All the papers have been covering the issue of the temp who was told to go home because she would not change into heals.
Julia Roberts walked bare foot up the red carpet in Cannes to demonstrate her feelings on the fact last year actresses were told they could not attend in flat shoes.
The big Sunday debate was not about politics, but the different fashion styles of Andrew Marr and Robert Preston. Marr goes for the tie, Preston goes for no tie. And didn’t George Osborne look uncomfortable appearing on the Preston show minus his tie. It looked as though it had been dragged off him.
Where do you sit with the dress code?
Those were the days.
Anybody who started working in the city during the late seventies or early eighties would have had a very different experience. People were told to wear dark suits, blue or white shirts, conservative ties and most importantly black, clean lace up shoes with 6 holes.
Heaven forbid – a pink shirt.
Employees were sent home to change for not conforming back in those days. With stories circulated regularly about employees turning up
with black slip-on shoes, and being sent home to change. Turning up for work in brown shoes or a pink shirt would have been met with horror.
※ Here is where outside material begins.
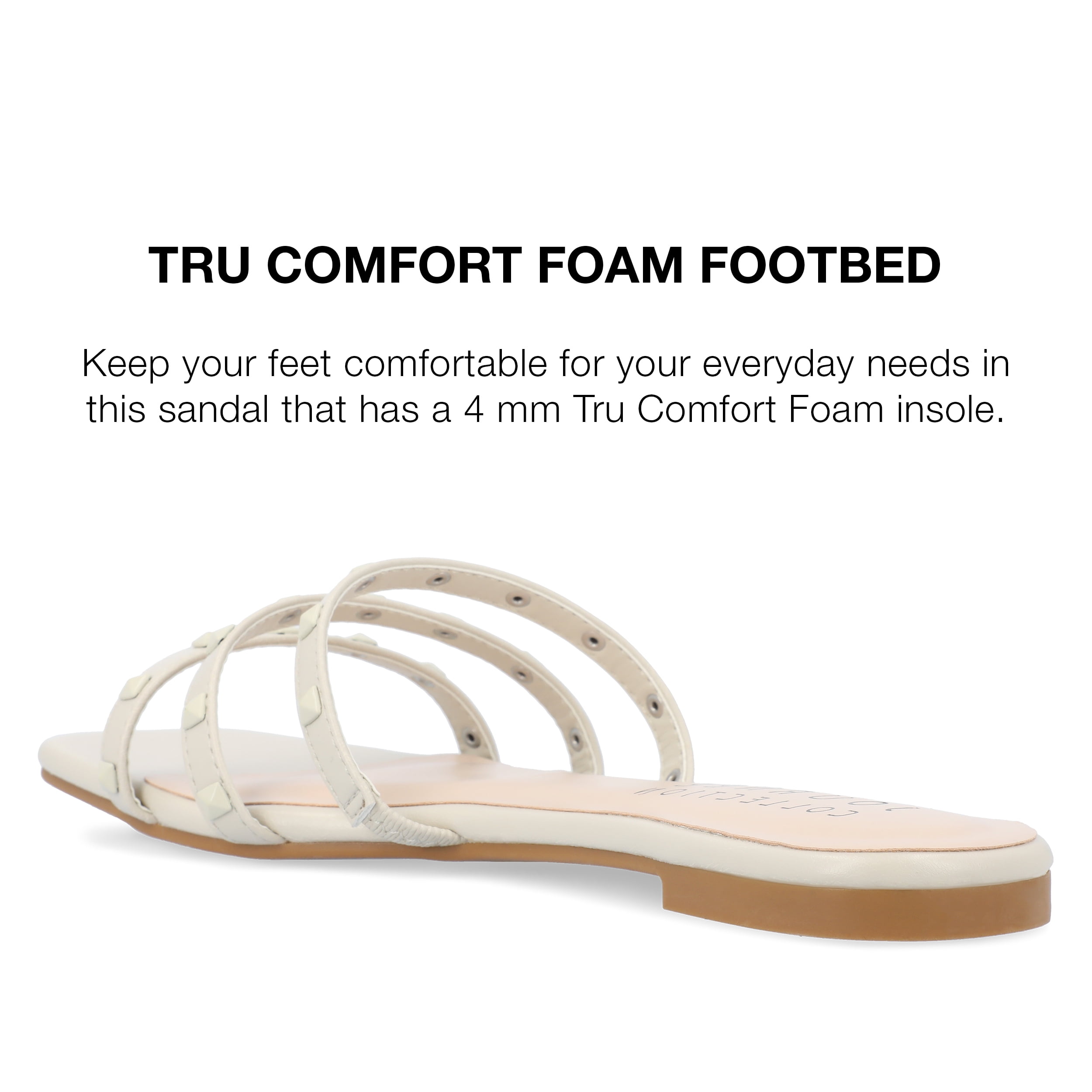 Journee Collection Womens Camarie Slip On Slide Multi Strap Sandals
Men in brown suits and brown shoes were bookies not bankers.
And as for women
Women were few and far between – especially on the trading floors. But which ever role they had they were expected to be dressed appropriately, with tights or stockings, dress or skirt and blouse. Trousers were only for the men – a definite no, no for ladies.
How things have changed, or have they?
We started with the dress-down Friday, which somehow evolved into dress down week.
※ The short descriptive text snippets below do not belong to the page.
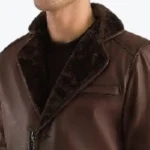 Rocky Brown Fur Leather Coat Collar Rare Jacket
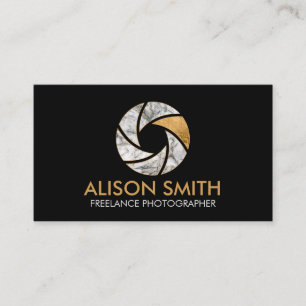 Luxury Marble Camera Shutter Photographer Business Card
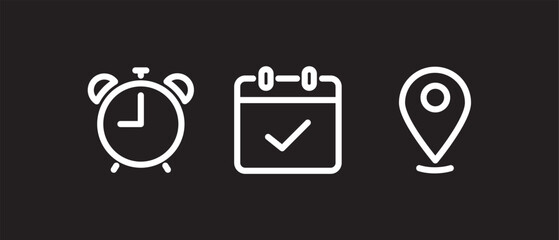 Simple Time, date, and address icon vector. Event elements, Time and date line icon in black background.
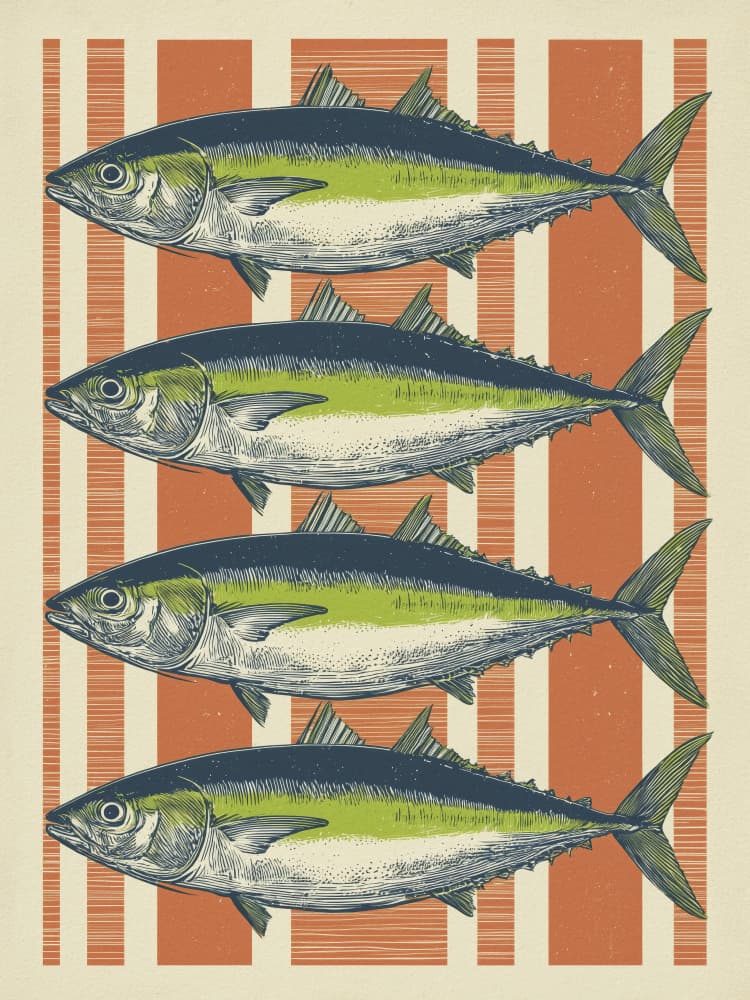 Four Tuna Fish by Andreas Magnusson — canvas wall art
In the most conservative institutions you rarely see a tie these days, and employees rarely put on jackets to attend meetings.
Things are changing though. A number of financial institutions have withdrawn the right for their staff to dress down any day of the week.
Is this a trend that is going to continue?
Remits are being issued about appropriate attire for attending meetings, especially external meetings or while face to face with clients. These state the need for shirt and tie. Jackets are to be worn unless permission is obtained to remove them. The need for clean smart shoes is stressed. Oh, and one of the best, ensure you smell appropriately – be clean but don’t jump in the aftershave or perfume bath.
So why the change?
Have we gone too far down the casual route?
Does what we wear really affect how we work?
Talking to a number of twenty somethings, they said; “It’s easier to have a work uniform, suit and tie, dress or skirt or tailored trousers. I don’t need to think about what I’m going to wear each day. I can leave those decisions to evenings and weekends. I don’t need the unnecessary stress in my already stressful life”.
Others said “If I dress for work, then I go into work mode. I get into the zone and feel comfortable. It motivates me”.
So where do you sit on this?
Should we return to the seventies and eighties?
Should dress-down stay or should we be somewhere in between?